By offloading the graphics generation to specialist hardware means that even a low resource microcontroller can have great looking graphics.  Indeed there has been much interest in recent years in recreating some of the classic home-computers from the 1980s using FPGA technology. The original Gameduino (2011) - an add on video shield for the Arduino to allow 8 bit arcade games to be played,  ran a VGA video engine inside a FPGA.

GameDuino 2 - uses an embedded video engine - or EVE device from FTDI to create the graphics - and displays them on a 4.3" LCD.

The EVE device has been enhanced (EVE2) - and will now support up to 800 x 600 displays. It is likely that a number of products based on EVE 2 will appear in the near future.

Since the Spring I have been using the ZPUino soft core processor running on an FPGA to generate VGA graphics. My platform of choice is the Gadget Factory, Papillio Duo - an FPGA board based on the Xilinx Spartan 6 FPGA coupled to a fast 2MB SRAM. When fitted with a "Computing Shield"  which provides VGA connector and PS/2 connectors for keyboard and mouse it makes a compact platform. This combination allows up to 800 x  600 VGA - and it is quick and easy to programme in "Arduino"  C++ using the Adafruit GFX Graphics library.

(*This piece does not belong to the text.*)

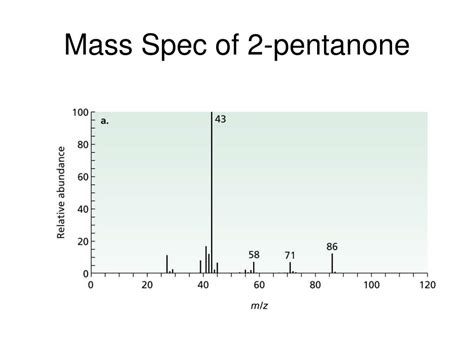 PPT - IR Spectrum 2-Pentanone PowerPoint Presentation, free download - ID:6597139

The ability to write coloured text, individual pixels or graphics easily to anywhere on a screen from within an Arduino sketch - makes the whole experience very rewarding. The ZPUino core can readily animate the graphics with simple code.

The final method I touched on to generate video is to use the On-Chip graphics engine.  Some of the STM32F4xx Cortex M4 and STM32F7xx Cortex M7 microcontrollers have this as an on-chip peripheral.  It can produce stunning graphics, but will take a lot of C programming, and will consume a fair percentage of the processors throughput to produce a good display.

In the next post, I reveal a pcb that puts all of this together.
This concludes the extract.